Field Day unveils biomass crops, biodiesel production
The Central Lakes Agricultural Center in Staples is at the forefront of alternative fuels production. The fact was made clear at the Aug. 13 Energy/Alternative Fuels Field Day focusing on energy crops.
Bob Schafer, Central Lakes Ag Center director, coordinated a host of experts and tours at the 550-acre Ag Center northwest of town.
Of special interest was a 15-acre parcel featuring camelina, a low-input oilseed emerging as a biodiesel source grown on what is essentially wasteland. Ten inches of rainfall will bring a camelina crop to full yield maturity.
Likewise, on-farm biodsiesel production developed by Dr. Greg Mowry of the University of St.
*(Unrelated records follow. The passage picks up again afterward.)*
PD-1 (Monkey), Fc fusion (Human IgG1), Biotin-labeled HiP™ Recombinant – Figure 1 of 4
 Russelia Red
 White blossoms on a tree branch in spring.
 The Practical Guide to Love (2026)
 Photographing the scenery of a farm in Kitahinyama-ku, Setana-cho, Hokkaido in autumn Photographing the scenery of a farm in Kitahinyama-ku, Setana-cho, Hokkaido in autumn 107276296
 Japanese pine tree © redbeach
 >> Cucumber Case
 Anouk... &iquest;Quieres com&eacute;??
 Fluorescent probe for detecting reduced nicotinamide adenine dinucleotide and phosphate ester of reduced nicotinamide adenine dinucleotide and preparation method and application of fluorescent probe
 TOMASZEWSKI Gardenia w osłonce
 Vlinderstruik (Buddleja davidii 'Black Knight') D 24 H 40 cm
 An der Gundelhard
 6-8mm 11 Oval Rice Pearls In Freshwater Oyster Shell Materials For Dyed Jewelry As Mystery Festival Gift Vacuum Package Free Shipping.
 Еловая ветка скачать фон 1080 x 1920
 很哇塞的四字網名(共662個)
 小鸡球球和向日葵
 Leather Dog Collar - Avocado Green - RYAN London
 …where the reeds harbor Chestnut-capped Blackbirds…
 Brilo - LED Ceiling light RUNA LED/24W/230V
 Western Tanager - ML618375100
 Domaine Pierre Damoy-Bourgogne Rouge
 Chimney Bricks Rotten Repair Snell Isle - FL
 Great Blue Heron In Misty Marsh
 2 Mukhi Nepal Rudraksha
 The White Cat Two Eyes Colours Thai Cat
Thomas drew interest among guests from as far as North Dakota and the
metropolitan Twin Cities area.
Paul Aakre of the University of Minnesota-Crookston demonstrated farm-scale oil extraction using the Komet press and canola.
Other energy crop plots viewed at the Ag Center: switchgrass, big bluestem, intermediate wheatgrass, prairie cordgrass, native prairie blend, miscanthus, survivor false indigo, and sweet sorghum.
Central Lakes College plans to burn biodiesel fuel from the Ag Center in its vehicles operated in the Diesel Technology and Heavy Equipment Operation and Maintenance programs at Staples.